Rhetorical
Précis & Discussion Questions (15%) |
At least three times during the semester, you will collaborate
with one or two colleagues to develop rhetorical précis and
discussion prompts to share with the class. Your selection will
be made by "signing up" for a class day covering readings
that are of particular interest to you. Because there are no assigned
teams, you will have the added benefit of working closely with all
of your colleagues in the course.
Description
of Reading Journal
With one of the course goals being to develop a critical understanding
of issues in computers and composition theory and practice, you
and your colleagues will create a collaborative reading journal.

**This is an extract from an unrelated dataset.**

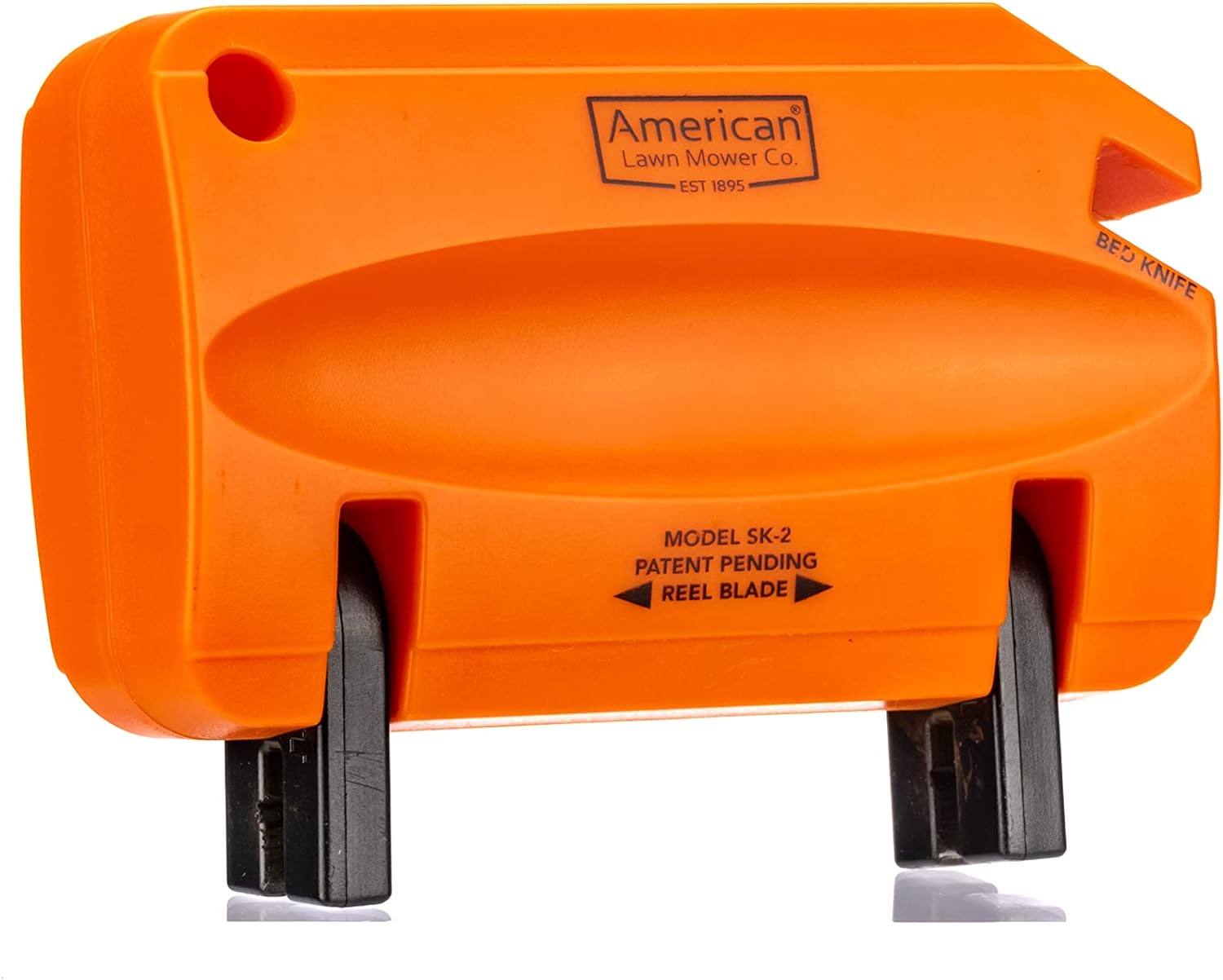 American Lawn Mower Co. SK-2 Reel Lawn Mower Hand Sharpener for Great States, American Lawn Mower, Scotts, and Earthwise Reel Mowers, Orange
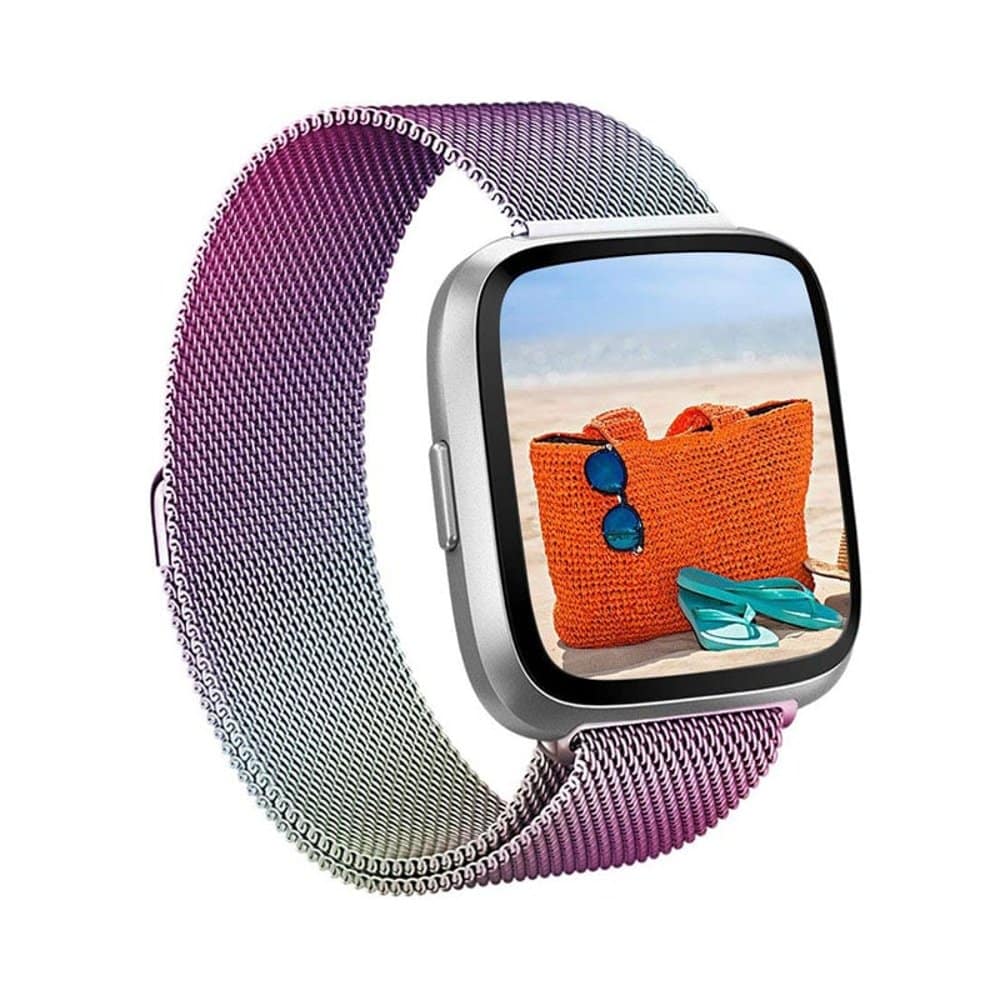 Stainless Steel Milanese Strap for Fitbit Versa / Versa 2 - Image 10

This on-going, semester-long project will culminate with your
own electronic collection of rhetorical précis from the
course. This reading journal will serve as a reference guide for
your future development as a scholar, teacher, and administrator
of computers and composition.
Guidelines for creation of rhetorical
précis:
- Identify the key issues, arguments, and concerns related to
each of the day's assigned readings.
- Create one to two paragraph précis for each of these
readings.
- Save those précis in one team Microsoft Word file that
includes an APA citation for the article (in bold) followed
by your précis (not bolded).
- Email this single Word file collection of précis to
the class listserv
by 9 am the day of our class meeting.
Download Word file with information about creating rhetorical
précis.
Description
of Discussion Prompts
After carefully reviewing the assigned readings, you and your
colleague(s) will craft two to three discussion prompts. Those
prompts can take the form of questions or statements related to
the day's assigned readings. Your prompts should reflect our local
classroom context and its rapport. In addition, your questions
should focus on key issues or theoretical or pedagogical concerns
rather than mere questions of definition or identification.

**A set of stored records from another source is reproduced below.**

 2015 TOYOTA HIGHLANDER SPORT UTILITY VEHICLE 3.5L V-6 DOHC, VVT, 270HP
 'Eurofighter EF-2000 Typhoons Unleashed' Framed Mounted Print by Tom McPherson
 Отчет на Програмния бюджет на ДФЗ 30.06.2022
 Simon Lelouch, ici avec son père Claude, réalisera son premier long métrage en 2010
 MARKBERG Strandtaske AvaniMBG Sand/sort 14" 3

Guidelines for creation of discussion
prompts:
- Construct prompts that attend to key issues, concerns, or
problematics of the day's assigned readings.
- Provide adequate contextualization for your prompts through
direct quotations, notations to past class discussions, etc.

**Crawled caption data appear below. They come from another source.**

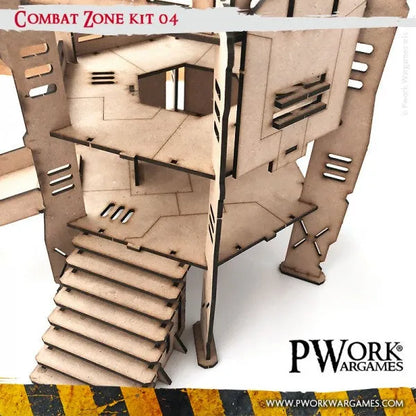 MDF Terrain Combat Zone 04-PWork Wargames-Radaddel
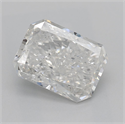 Natural Diamond 1.50 Carats, Radiant with  Cut, H Color, I1 Clarity and Certified by GIA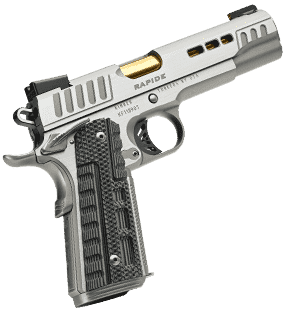 KIMBER 1911 RAPIDE DAWN .45ACP RIGHT SIDE VIEW MUZZLED ANGLED UP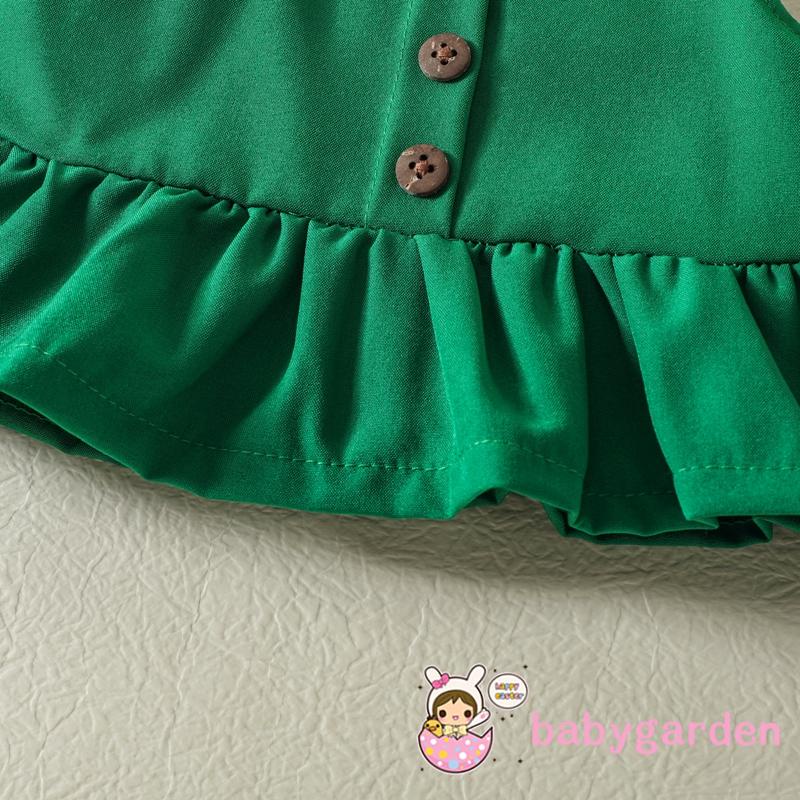 Set Đồ 2 Mảnh Gồm Áo Không Tay Màu Trơn Diềm Xếp Nếp In Hình Quả Bơ + Quần Ngắn Lưng Thun Cho Bé Gái 6 Tháng Tuổi 4 Tuổi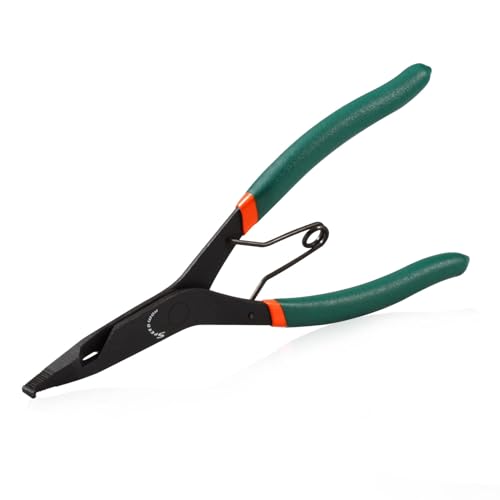 SPEEDWOX Lockringzange für Getriebe, 22,9 cm (9 Zoll), flache Nasen-Haltringzange mit schwarzem Oxid-Finish von SPEEDWOX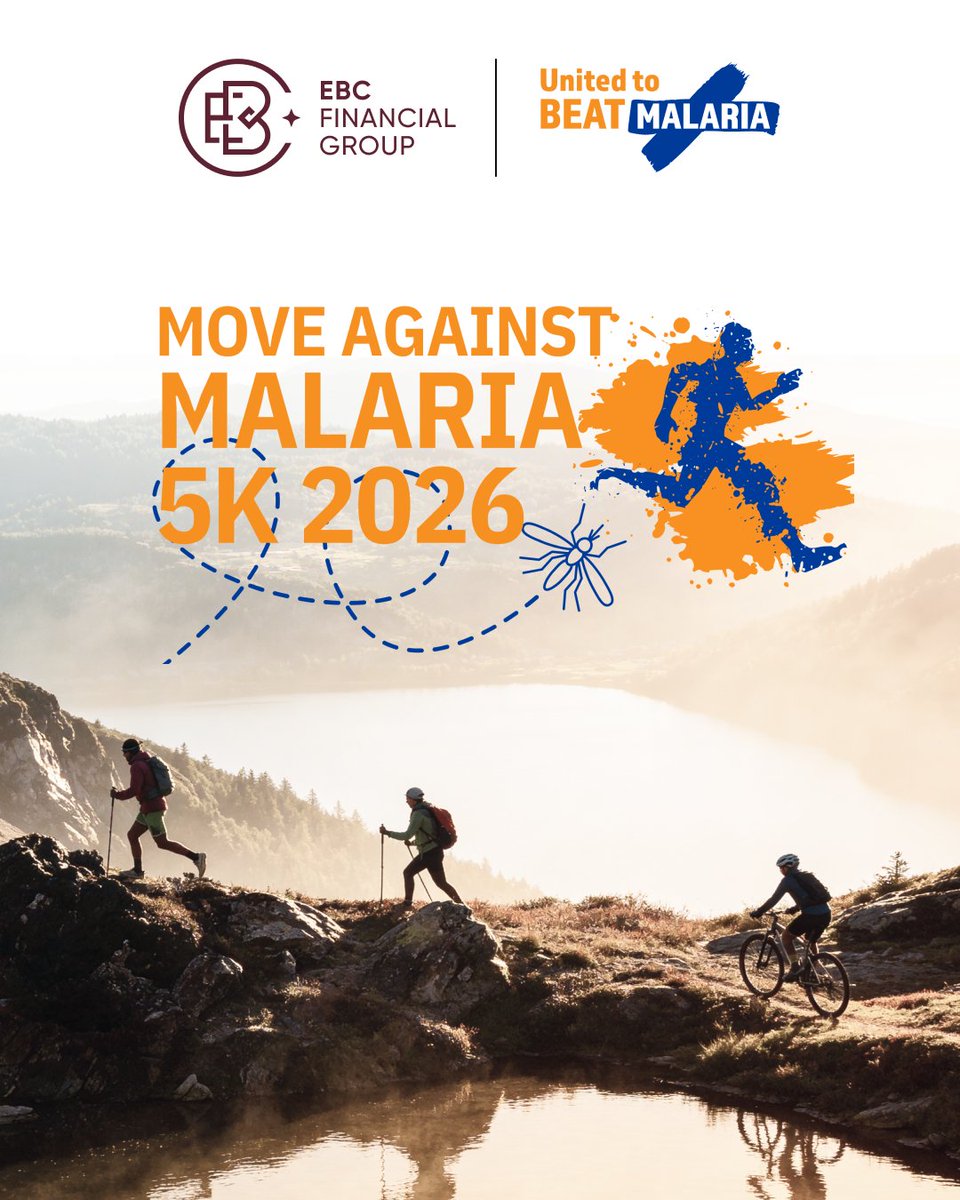 ebc_ind's tweet photo. The Move Against Malaria 5K 2026 is here 🏃‍♂️ 🌍

#EBCFinancialGroup is proud to support United To Beat Malaria in turning simple movement into meaningful impact.❤️.
Be the one to step up for a change. 

Sign up now: https://t.co/lRQrmFK3CG

#MoveAgainstMalaria  #BeatMalaria https://t.co/rnnTdmPJb8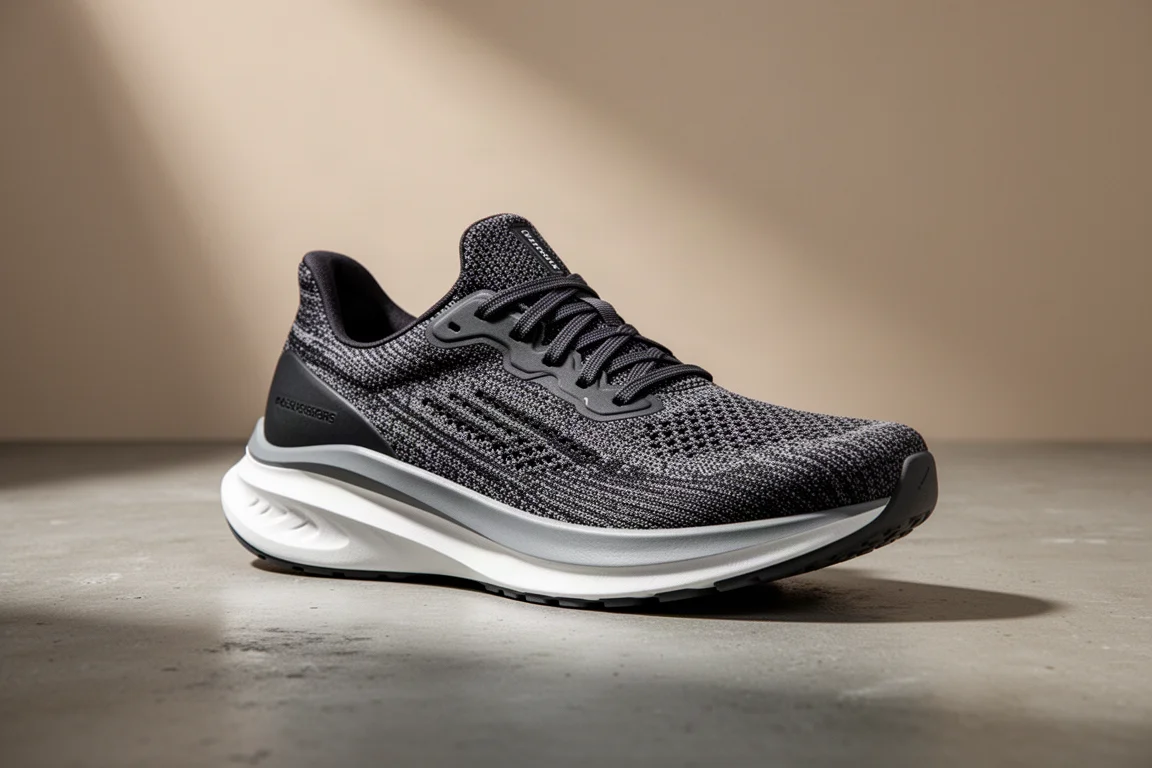 Under Armour HOVR Machina 3 running shoe in three-quarter view on concrete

- Email those prompts to our class
listserv by 9 am the Friday
before our class meeting.
Evaluation
of Rhetorical Précis & Discussion Prompts
At the end of the semester, you will receive a grade on your contribution
to the reading journal and your discussion questions. This holistic
score will be based on the thoroughness of your précis
and the contribution those summaries made to our course reading
journal. In addition, your discussion questions will be assessed
for their thoughtfulness, complexity, attention to our classroom
context, and overall contribution to stimulating our class discussion.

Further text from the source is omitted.